Hydromechanical and Biogeochemical Processes in Fractured Rock Masses in the Vicinity of a Geological Disposal Facility for Radioactive Waste

The main goal of this project is to build up expertise and capability in modelling hydromechanical and biogeochemical processes that occur in fractured rock masses in the vicinity of a geological disposal facility for radioactive waste. A consortium of three UK universities will carry out the research, with the expectation of creating durable teams that will continue to collaborate in the future on other radioactive waste projects. The project will bring together researchers with extensive experience in radioactive waste research, as well as others who will bring in key expertise and technologies that were developed in other research fields, such as mining, petroleum engineering, geophysics, or biogeochemistry but are now key to tackling the interdisciplinary problems involved in nuclear waste.

The project will also benefit from interactions with leading researchers worldwide, as well as international facilities such as the underground research lab at Grimsel, Switzerland. The overall project comprises six work packages. Work Package 1 will develop improved methods for estimating the repository-scale hydraulic conductivity of a fractured rock mass, based on geologically realistic fracture network geometries.

Work Package 2 will explore and evaluate suitable seismic monitoring strategies, and develop data processing techniques, for the characterisation of potential repository sites. Work Package 3 will examine the key seismic attributes for identifying fracture properties (e.g., fracture density, orientation and stiffness) that play a critical role in repository performance. Work Package 4 will develop coupled thermo-hydro-mechanical models for the behaviour of fractured rock masses. Work Package 5 will model colloid and tracer transport experiments that have been conducted at the Grimsel test site in Switzerland. Work Package 6 will test the importance of biogeochemical processes involving microbes and natural organic matter on actinide mobility in the near-field environment of a nuclear waste repository.

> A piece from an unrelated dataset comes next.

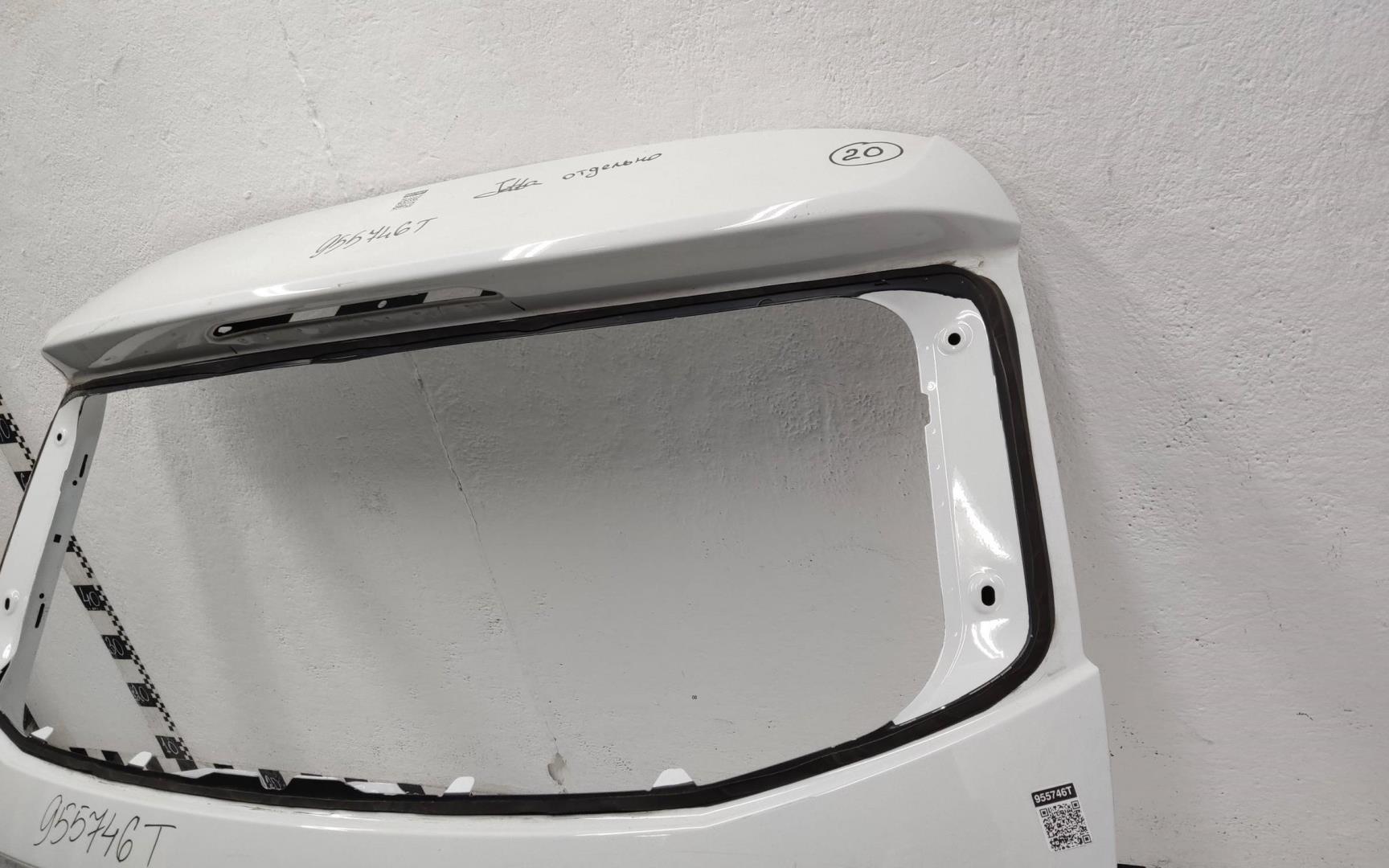 Крышка багажника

The six work packages are complementary, but are linked to each other in some cases through shared data between, overlapping supervision of PhD students, etc., as described in more detail below. Overall, the project addresses two scientific areas prioritised in the RATE call: Technological innovation for rock mass characterisation at a range of spatial scales, and Biogeochemical coupling, including deep multiphase transport processes.

Aims

The project involves three UK universities (Imperial College, University of Birmingham, University of Leeds), as well as collaborators from several institutions in the US and Europe. The main outcomes of this project will be a set of new and/or improved methodologies, codes and protocols for analysing various processes that occur during the lifetime of a repository, or during the site characterisation phase. These methods and tools will be sufficiently flexible and generic to be used in any fractured geological formation that might be investigated as a potential location of a geological repository in the UK. The results and findings of this project will be published in peer-reviewed journals, and presented at appropriate national and international scientific conferences and workshops. Throughout the project, close contact will be maintained, through frequent meetings and visits, with the Nuclear Decommissioning Authority, which is the governmental agency responsible for the safe disposal of nuclear waste.